Correcting distortion in a monochromatic imaging spectrometer for application to elemental imaging by glow discharge-optical emission spectrometry

Abstract

A method to correct for instrumentally introduced image distortion in a monochromatic imaging spectrometer (MIS) was developed, evaluated and applied to surface elemental imaging in glow discharge-optical emission spectrometry. The method is based on fixed-spatial-frequency images, in which calibration points are localized to characterize the distortion at a given wavelength. In the MIS, a linear increase in image width with wavelength was found in the horizontal dimension, whereas no significant image distortion in the vertical dimension was observed. The ratio between the horizontal and vertical image widths was 18 ± 2% at 400 nm and 46 ± 2% at 750 nm.

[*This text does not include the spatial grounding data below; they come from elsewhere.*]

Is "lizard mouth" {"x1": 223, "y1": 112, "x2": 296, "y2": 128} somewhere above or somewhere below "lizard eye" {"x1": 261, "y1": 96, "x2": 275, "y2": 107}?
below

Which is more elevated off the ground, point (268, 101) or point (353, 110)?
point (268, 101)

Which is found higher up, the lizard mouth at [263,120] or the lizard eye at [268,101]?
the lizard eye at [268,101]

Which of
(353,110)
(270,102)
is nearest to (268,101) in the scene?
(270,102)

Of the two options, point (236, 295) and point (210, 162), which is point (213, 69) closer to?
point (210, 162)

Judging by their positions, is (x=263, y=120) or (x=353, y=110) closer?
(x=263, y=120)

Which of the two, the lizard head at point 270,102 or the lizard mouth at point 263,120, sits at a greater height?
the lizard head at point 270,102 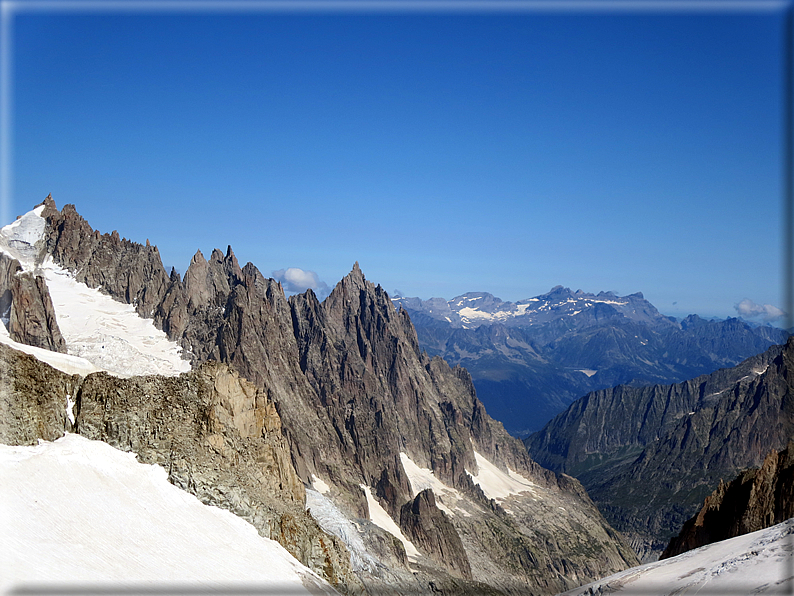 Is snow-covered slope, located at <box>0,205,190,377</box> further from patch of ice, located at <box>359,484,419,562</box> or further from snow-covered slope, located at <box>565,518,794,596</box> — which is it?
snow-covered slope, located at <box>565,518,794,596</box>

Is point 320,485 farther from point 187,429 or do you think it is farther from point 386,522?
point 187,429

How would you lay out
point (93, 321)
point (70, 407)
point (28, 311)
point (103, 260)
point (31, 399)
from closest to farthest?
point (31, 399) → point (70, 407) → point (28, 311) → point (93, 321) → point (103, 260)

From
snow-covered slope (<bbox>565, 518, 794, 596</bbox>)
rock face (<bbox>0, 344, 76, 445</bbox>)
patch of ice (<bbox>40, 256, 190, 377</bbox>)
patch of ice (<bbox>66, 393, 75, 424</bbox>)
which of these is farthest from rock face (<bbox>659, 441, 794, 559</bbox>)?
patch of ice (<bbox>40, 256, 190, 377</bbox>)

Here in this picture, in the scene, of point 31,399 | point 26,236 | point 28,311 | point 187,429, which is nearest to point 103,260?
point 26,236

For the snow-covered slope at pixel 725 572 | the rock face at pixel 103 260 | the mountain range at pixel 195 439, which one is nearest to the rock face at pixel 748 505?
the snow-covered slope at pixel 725 572

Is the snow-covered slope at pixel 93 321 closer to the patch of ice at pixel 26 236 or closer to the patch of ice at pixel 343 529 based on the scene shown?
the patch of ice at pixel 26 236

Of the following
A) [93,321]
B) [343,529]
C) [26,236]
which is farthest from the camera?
[26,236] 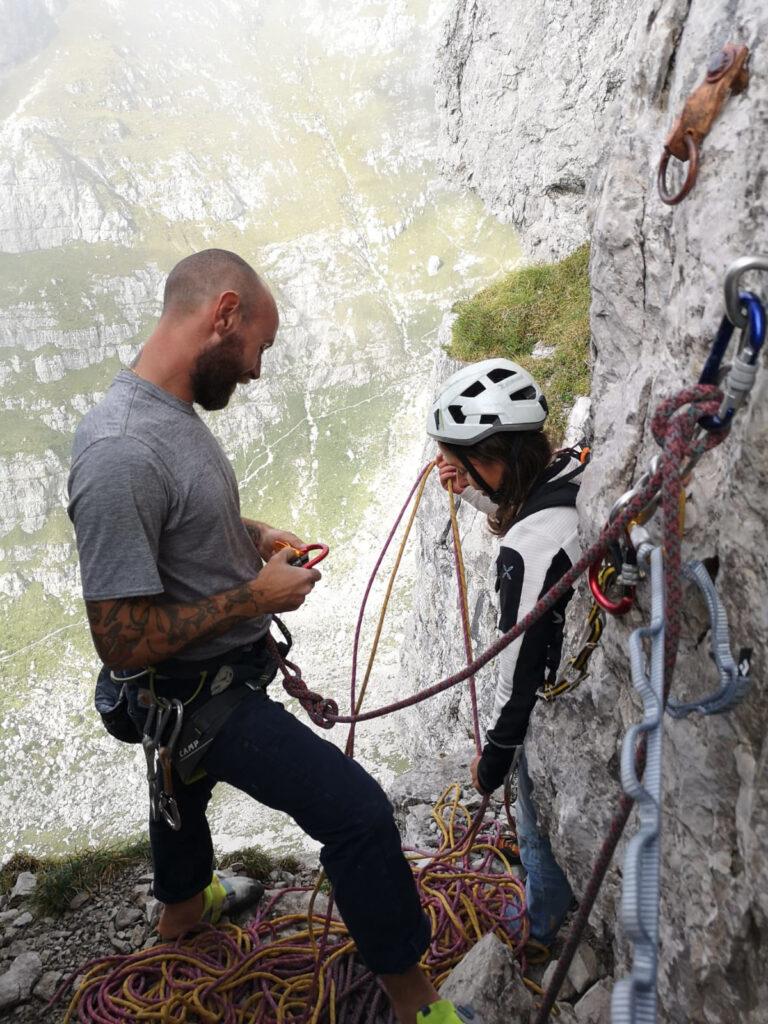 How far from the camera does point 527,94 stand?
6103 cm

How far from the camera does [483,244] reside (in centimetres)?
11662

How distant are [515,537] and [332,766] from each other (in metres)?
1.39

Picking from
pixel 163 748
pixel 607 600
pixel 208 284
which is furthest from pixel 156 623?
pixel 607 600

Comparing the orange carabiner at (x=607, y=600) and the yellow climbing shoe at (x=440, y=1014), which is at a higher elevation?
the orange carabiner at (x=607, y=600)

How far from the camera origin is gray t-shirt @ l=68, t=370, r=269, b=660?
8.89 feet

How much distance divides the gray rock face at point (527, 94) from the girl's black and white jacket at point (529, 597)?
147 ft

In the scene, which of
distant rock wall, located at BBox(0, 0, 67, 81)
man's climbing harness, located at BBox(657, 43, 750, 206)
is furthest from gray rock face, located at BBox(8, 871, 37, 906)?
distant rock wall, located at BBox(0, 0, 67, 81)

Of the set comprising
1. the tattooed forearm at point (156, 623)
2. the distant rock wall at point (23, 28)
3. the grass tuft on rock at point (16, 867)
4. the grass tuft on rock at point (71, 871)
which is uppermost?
the distant rock wall at point (23, 28)

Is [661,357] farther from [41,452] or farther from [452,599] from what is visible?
[41,452]

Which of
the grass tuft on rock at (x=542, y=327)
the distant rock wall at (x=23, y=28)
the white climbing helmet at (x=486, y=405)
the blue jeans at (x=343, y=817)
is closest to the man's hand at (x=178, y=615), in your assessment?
the blue jeans at (x=343, y=817)

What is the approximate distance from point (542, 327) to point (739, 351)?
52.7ft

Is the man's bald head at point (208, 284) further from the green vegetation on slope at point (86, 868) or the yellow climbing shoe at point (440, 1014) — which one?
the green vegetation on slope at point (86, 868)

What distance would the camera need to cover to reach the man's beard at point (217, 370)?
3158mm

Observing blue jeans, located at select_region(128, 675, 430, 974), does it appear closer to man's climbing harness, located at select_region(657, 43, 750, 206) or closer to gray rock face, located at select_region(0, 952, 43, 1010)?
gray rock face, located at select_region(0, 952, 43, 1010) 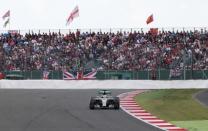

Correction of distorted images was performed computationally by means of bilinear interpolation. The geometric error, in terms of residuals of the interpolation, was calculated for every pixel in the reconstructed image (512 × 512 array) and typically found to be between 0.12 and 0.18 pixel. The developed method was applied to elemental imaging by glow discharge—optical emission spectrometry as a proof of principle. A glow discharge cell suitable for large-format elemental imaging (7.29 cm-diameter sputtering area) was used for imaging of circular brass samples. Significant differences between vertical and horizontal emission profiles from distorted emission maps (e.g. Zn I 481.05 nm: 30% difference between vertical and horizontal FWHM) could be successfully corrected (4.8% difference after correction) by the method presented here.